More Definitions of Final Closing Working Capital Adjustment

Final Closing Working Capital Adjustment means Closing Working Capital Adjustment (i) as shown in Buyer’s calculation delivered pursuant to Section 2.5(b) if no notice of disagreement with respect thereto is duly delivered pursuant to Section 2.5(c), or (ii) if such a notice of disagreement is delivered, (A) as agreed by Buyer and the Sellers’ Representative pursuant to Section 2.5(d) or (B) in the absence of such agreement, as shown in the Accountant’s calculation delivered pursuant to Section 2.5(d); provided, however, that in no event shall Final Closing Working Capital Adjustment be less than Buyer’s calculation of Closing Working Capital Adjustment delivered pursuant to Section 2.5(b) or more than the Sellers’ Representative’ calculation of Closing Working Capital Adjustment delivered pursuant to Section 2.5(c).

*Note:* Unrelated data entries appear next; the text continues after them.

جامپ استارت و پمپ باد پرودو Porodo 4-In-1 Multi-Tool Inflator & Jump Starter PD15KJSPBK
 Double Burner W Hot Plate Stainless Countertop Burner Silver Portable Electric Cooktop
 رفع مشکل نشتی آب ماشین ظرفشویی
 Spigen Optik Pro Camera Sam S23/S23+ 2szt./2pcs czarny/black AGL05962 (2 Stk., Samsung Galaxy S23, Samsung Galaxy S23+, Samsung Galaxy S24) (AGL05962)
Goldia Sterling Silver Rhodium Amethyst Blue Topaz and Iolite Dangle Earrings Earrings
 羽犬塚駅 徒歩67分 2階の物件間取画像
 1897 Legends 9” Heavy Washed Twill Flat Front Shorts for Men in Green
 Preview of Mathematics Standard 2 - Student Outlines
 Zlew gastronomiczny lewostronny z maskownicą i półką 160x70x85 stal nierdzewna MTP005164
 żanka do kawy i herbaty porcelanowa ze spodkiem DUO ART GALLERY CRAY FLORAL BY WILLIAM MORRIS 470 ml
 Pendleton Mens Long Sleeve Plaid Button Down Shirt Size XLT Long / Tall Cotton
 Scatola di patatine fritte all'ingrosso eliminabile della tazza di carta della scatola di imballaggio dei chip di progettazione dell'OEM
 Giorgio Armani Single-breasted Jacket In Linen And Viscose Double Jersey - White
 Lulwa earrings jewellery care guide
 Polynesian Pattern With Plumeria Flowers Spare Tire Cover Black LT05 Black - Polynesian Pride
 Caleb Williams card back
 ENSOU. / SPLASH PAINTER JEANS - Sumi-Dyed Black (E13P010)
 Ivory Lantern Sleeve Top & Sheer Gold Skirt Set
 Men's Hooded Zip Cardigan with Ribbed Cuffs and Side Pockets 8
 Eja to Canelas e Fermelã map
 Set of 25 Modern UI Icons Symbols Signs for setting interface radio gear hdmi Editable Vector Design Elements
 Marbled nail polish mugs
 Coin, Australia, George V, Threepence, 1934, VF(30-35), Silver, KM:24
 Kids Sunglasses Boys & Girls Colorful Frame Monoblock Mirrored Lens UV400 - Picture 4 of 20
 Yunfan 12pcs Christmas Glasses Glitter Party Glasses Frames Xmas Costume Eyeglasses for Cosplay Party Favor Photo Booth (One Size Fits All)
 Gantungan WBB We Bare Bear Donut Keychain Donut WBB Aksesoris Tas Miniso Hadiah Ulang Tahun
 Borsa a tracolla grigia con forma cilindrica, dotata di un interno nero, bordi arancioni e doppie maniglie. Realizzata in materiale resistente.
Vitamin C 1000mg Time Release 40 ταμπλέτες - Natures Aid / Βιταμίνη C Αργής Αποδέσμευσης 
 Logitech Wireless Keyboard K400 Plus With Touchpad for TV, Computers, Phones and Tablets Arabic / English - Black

Final Closing Working Capital Adjustment means the sum of (A) either (1) if the Target Working Capital exceeds the Final Closing Working Capital, the amount, if any, by which the difference between the Target Working Capital and the Final Closing Working Capital exceeds $-500,000.00 (which amount shall be a negative number) and (2) if the Final Closing Working Capital exceeds the Target Working Capital, the amount, if any, by which the difference between the Final Closing Working Capital and the Target Working Capital exceeds $500,000.00 (which amount shall be a positive number), and (B) minus the Closing Working Capital Adjustment (which may be a negative number).